Sur Twitter, la ministre de la Culture a félicité le lauréat du Goncourt «avec une émotion particulière», avant de passer l’embrasser chez Drouant: Eric Vuillard est publié chez Actes Sud, la maison que dirigeait Françoise Nyssen jusqu’au printemps dernier. Ce détail risquait d’attirer sur le jury des accusations d’opportunisme, il a bien fait de s’en moquer.
L’écrivain vient de publier dans la revue «America» un texte sur John Jacob Astor, premier millionnaire des Etats-Unis, qui a bâti sa fortune sur des mensonges et des vies ruinées. «On ne passe pas de riche à billionaire sans commettre une sorte de crime», écrit Vuillard. Un sujet qu’il avait déjà abordé dans les «Cahiers d’études lévinassiennes» en 2015, avec cette mention: «Ce texte est extrait d’un récit en cours.»

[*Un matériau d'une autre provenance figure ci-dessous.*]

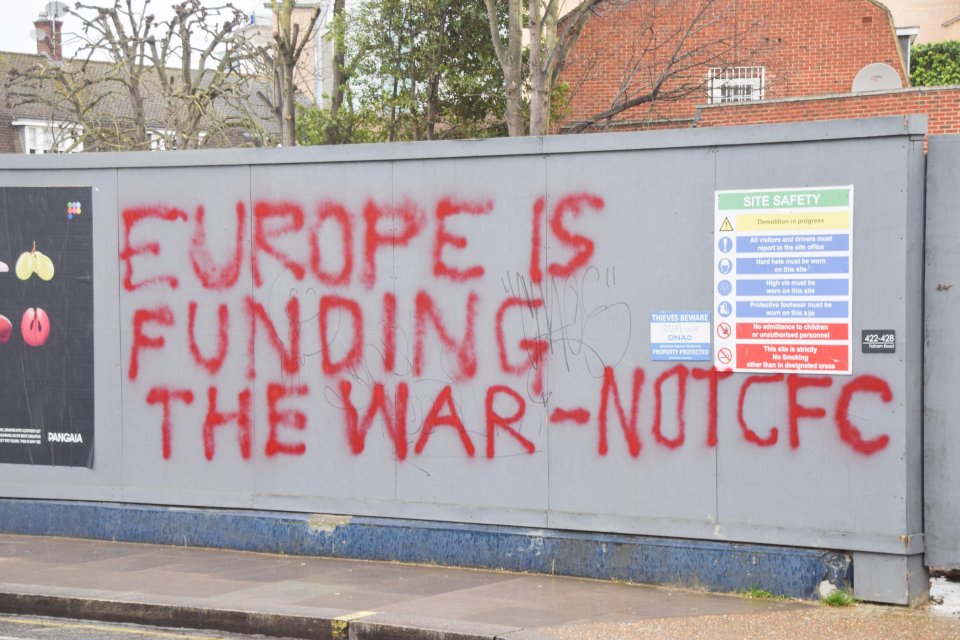 Graffiti from Chelsea fans outside Stamford Bridge condemned the UK government's decision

A noter que le prix Goncourt est doté d’un chèque de dix euros, mais l’enjeu est autrement plus important. Un roman primé s’écoule, selon les cas, de 200 000 à 500 000 exemplaires.
Le prix Renaudot a pour sa part été attribué à Olivier Guez pour “La disparition de Josef Mengele”. Ce livre retrace la fuite en Amérique du Sud du “médecin” nazi d’Auschwitz après la fin de la Seconde Guerre mondiale. Jamais jugé pour ses crimes, Josef Mengele a semé la justice internationale pendant plus de trois ans, avant de mourir noyé en 1979.